Content provided by Tia Ghose, LiveScience
Humans drive trillions of miles in cars, clear-cut forests for
agriculture and create vast landfills teeming with tin cans, soda
bottles and other detritus of industrialization. There's no doubt that
humans have radically reshaped the planet, and those changes leave
traces in the Earth's geological record.
At the annual meeting of the American Geophysical Union this week, geologists are grappling with how to define the boundaries of that human-centered geologic era, referred to as the Anthropocene. Despite our dramatic impact on the planet, defining our era has proven a difficult task.
"If it's to be a geological period, it has to be visible in the
geological record," said Anthony Brown, a researcher at the University
of Southampton in the United Kingdom, who is trying to define the
boundary.
Because geology looks at the deep past, such questions would normally
be examined in 100,000, even 1 million years' time, he said.
"In the absence of time travel, we have to work out whether we really do have enough around to define a new geological period."
In one possible way of demarcating the boundary between natural
geologic eras and the human-shaped period, scientists would look at how agriculture changes sediments, Brown told LiveScience.

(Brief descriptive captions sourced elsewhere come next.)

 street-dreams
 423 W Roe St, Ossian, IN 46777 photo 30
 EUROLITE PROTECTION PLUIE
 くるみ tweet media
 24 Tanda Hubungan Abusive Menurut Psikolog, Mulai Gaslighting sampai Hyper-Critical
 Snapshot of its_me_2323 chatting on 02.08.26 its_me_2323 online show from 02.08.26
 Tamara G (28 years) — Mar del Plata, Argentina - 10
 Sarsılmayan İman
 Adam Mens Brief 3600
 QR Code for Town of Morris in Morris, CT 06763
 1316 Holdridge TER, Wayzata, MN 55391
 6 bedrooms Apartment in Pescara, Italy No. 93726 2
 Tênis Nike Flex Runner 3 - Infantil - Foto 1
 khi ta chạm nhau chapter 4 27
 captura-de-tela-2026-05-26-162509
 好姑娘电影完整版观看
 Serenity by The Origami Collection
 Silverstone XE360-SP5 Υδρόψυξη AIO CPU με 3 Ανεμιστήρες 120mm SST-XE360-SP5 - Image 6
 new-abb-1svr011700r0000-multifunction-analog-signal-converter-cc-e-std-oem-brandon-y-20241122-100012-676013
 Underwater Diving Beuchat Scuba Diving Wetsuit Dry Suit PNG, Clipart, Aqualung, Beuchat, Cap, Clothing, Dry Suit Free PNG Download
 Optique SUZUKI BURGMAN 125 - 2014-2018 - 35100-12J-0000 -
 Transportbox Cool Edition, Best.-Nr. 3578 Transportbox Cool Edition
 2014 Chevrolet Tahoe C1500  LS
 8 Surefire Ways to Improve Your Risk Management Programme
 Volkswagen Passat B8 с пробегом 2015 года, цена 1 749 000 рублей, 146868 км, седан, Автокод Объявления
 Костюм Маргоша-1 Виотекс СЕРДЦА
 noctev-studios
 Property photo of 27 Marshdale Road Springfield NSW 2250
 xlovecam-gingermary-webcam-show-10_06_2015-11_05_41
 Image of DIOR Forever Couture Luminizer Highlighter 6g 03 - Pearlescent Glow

For instance, when farmers clear-cut forests and plant crops, they
change how sediments and runoff wash into the local rivers, often
creating a thick layer of silty, sandy clay on the flood plain, Brown
said. (Top 10 Ways to Destroy Earth)
But using such geologic clues to date the Anthropocene era runs into a
problem: agriculture began at different times around the globe. Some
areas, such as certain pockets in Africa, may not have had intensive
agriculture until recently.
Alternatively chemical deposits could date the boundary between human
and natural geologic eras. For instance, widespread use of leaded
gasoline and paint has left high levels of lead
in soils throughout the world, said Michael Kruge, a researcher at
Montclair State University in New Jersey. Polycyclic aromatic
hydrocarbons (PAH) could also serve as markers. These are formed from
combustion in natural wildfires, but also come largely from the burning
of fossil fuels.
"In the middle of the 20th century, you see a big spike in these compounds in sediment," Kruge said in a press conference.
Using those measures, the Anthropocene era would begin around
industrialization, thousands of years after humans began reshaping the
planet with agriculture.
Yet another proposal would peg the time of the Anthropocene's birth to
the mass movement of soil, or the accumulation of minerals from coal
burning, cement production for construction, or the massive use of
nitrogen fertilizers. That would date the Anthropocene to the sharp
uptick in the production of these chemicals after World War II.
Other scientists hope to date the Anthropocene's onset using modern-day
fossils, for instance, layers and layers of plastic soda bottles and
tin cans piling up in landfills.
All of these approaches face a challenge, however: combining
human-caused changes with natural, global variations that normally
demarcate different geologic time periods. For instance, our current
geologic time period, the Holocene Epoch, governs our climate and the
extent of our glaciers, and is dictated by eccentricities in the Earth's
orbit (something humans' haven't yet managed to alter). Since the
Earth's orbit isn't going to change any time soon, the Anthropocene
would somehow need to overlap with the Holocene.
"Nobody believes that the astronomical cycle, the 100,000-year cycle
that we're in, is suddenly coming to an end," Brown said. "We have to
combine the anthropogenic with the natural variability in the climate
system. It is a question that geologists never had to face before."